What to produce —
Your task is to copy the lines of the data below from the line holding "ルンゼくん 入籍のご報告" through the line holding "Кодиум микс", inclusive, exactly and with nothing added.

Material for this exercise —
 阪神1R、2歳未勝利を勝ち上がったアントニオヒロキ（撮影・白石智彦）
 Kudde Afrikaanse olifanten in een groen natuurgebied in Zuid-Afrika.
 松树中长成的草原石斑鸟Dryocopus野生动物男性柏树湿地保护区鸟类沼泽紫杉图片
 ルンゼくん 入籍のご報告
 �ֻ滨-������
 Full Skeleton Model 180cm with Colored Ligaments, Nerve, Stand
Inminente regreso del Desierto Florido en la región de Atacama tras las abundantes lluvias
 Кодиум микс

==

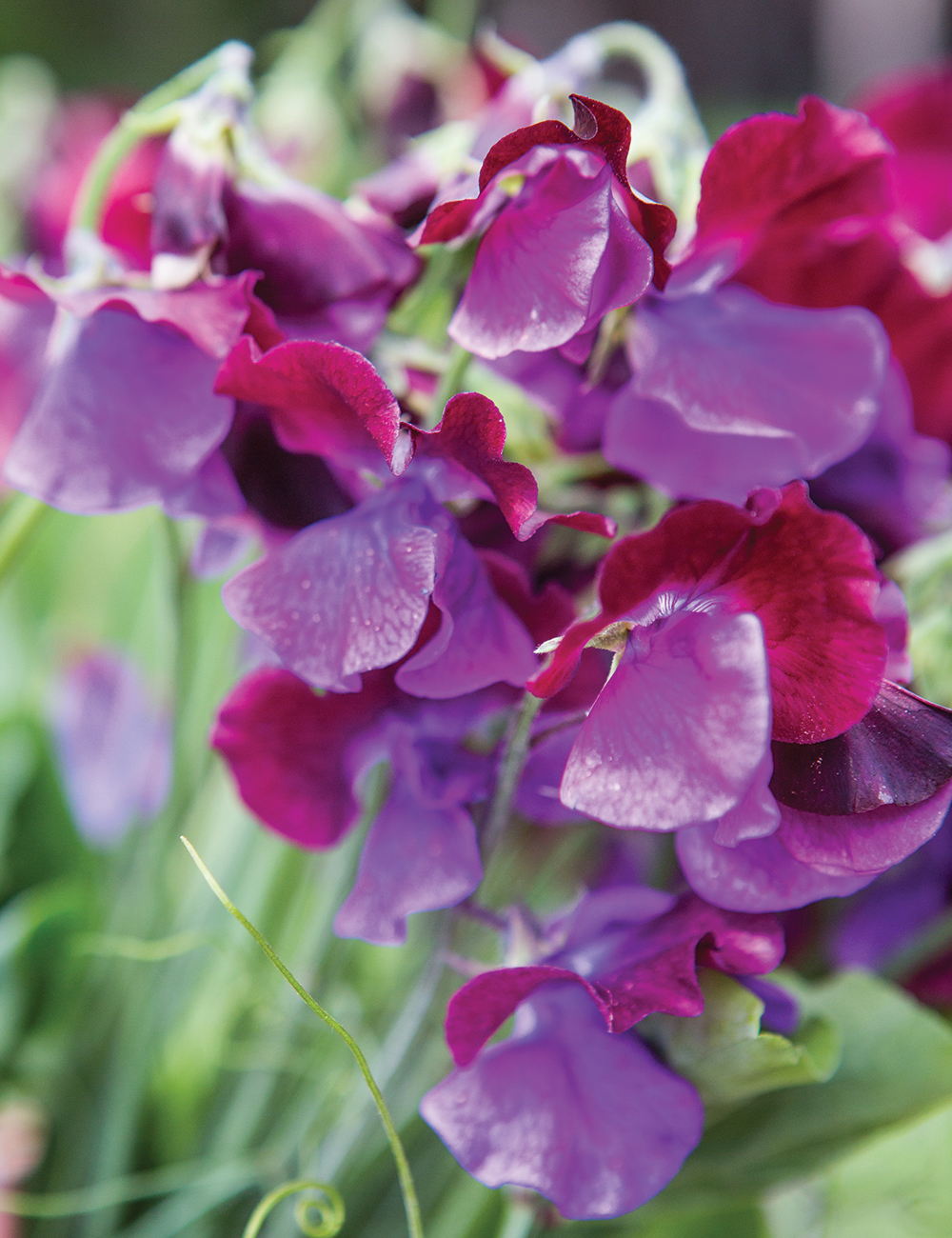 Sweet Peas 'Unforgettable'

* * *

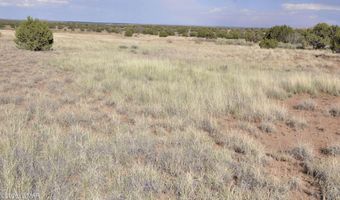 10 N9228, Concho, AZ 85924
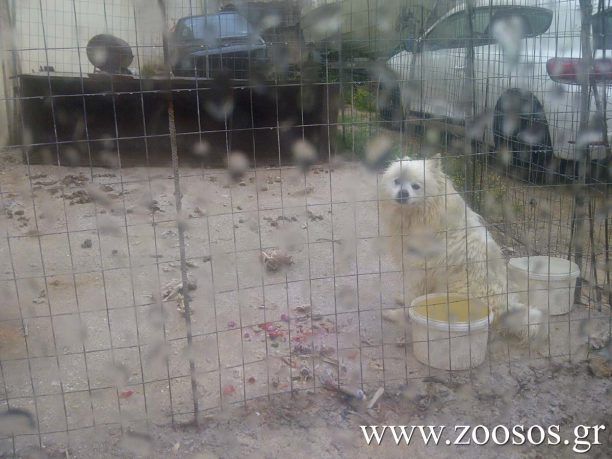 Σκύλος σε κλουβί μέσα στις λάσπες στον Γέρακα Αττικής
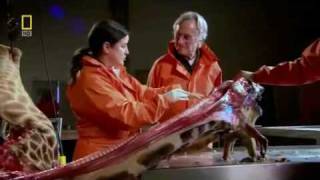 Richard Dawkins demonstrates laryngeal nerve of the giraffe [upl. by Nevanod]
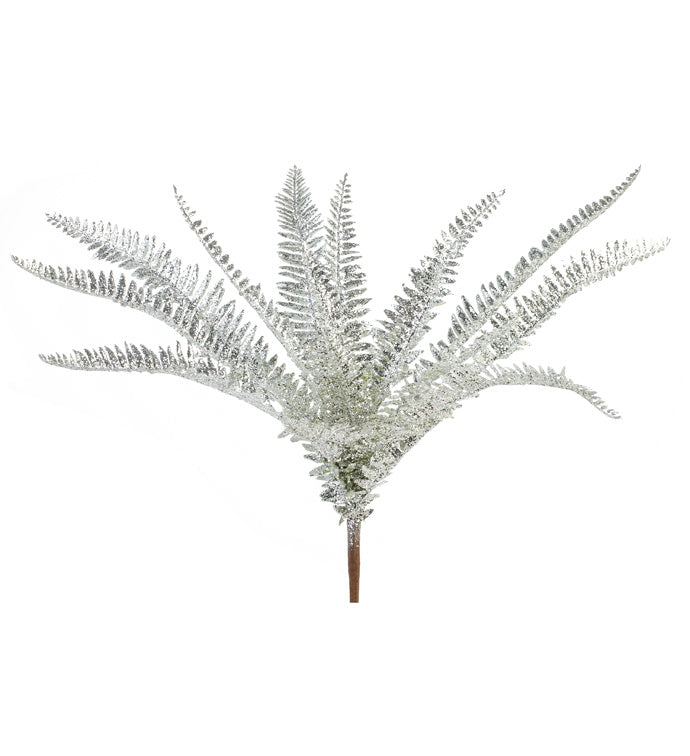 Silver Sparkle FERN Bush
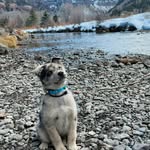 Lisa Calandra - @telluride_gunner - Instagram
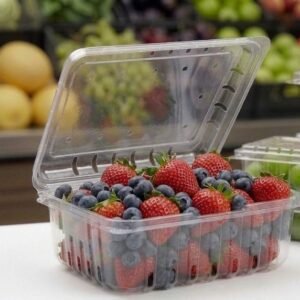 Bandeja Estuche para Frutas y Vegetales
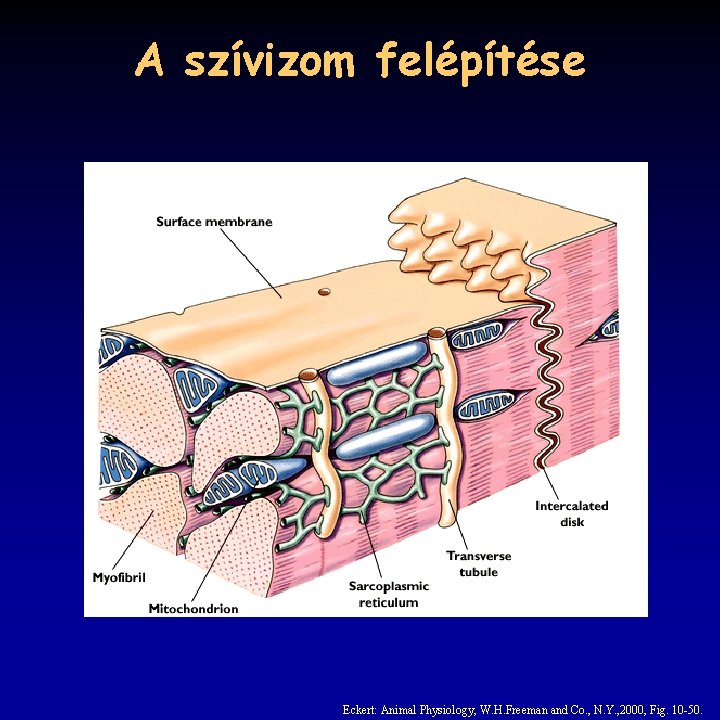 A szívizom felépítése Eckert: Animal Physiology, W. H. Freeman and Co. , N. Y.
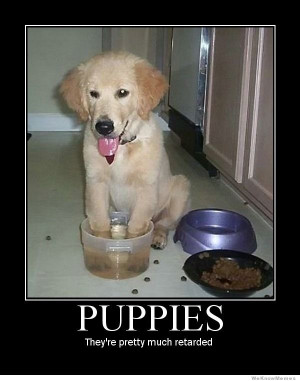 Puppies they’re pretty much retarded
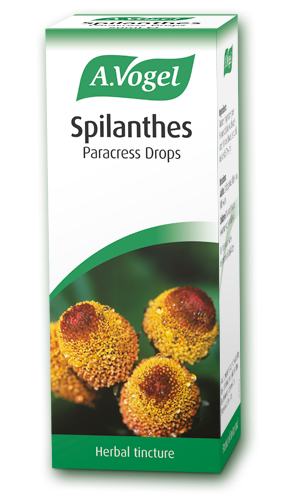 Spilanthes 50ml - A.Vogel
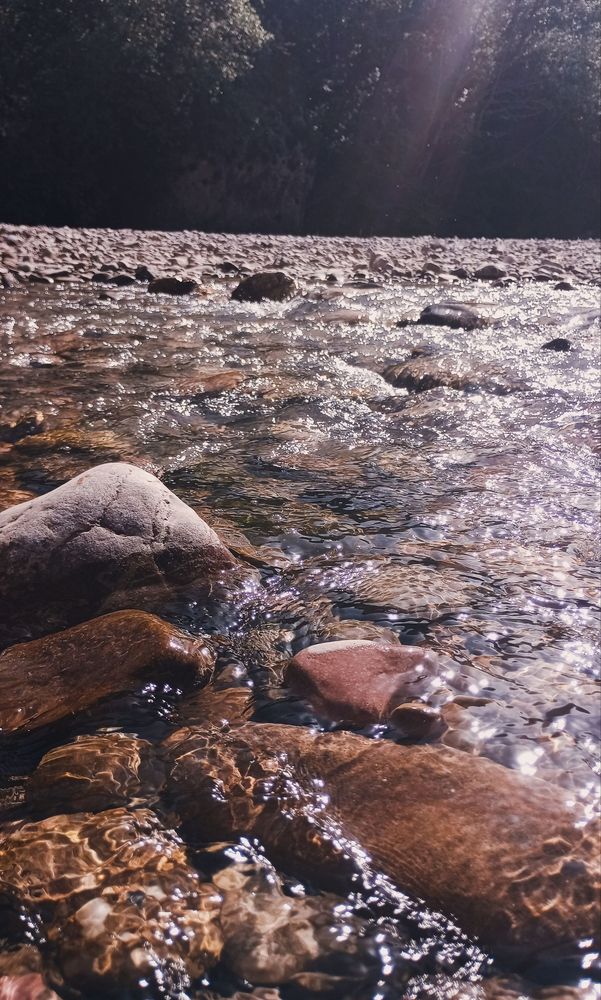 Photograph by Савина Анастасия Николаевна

Written reply —
 ルンゼくん 入籍のご報告
 �ֻ滨-������
 Full Skeleton Model 180cm with Colored Ligaments, Nerve, Stand
Inminente regreso del Desierto Florido en la región de Atacama tras las abundantes lluvias
 Кодиум микс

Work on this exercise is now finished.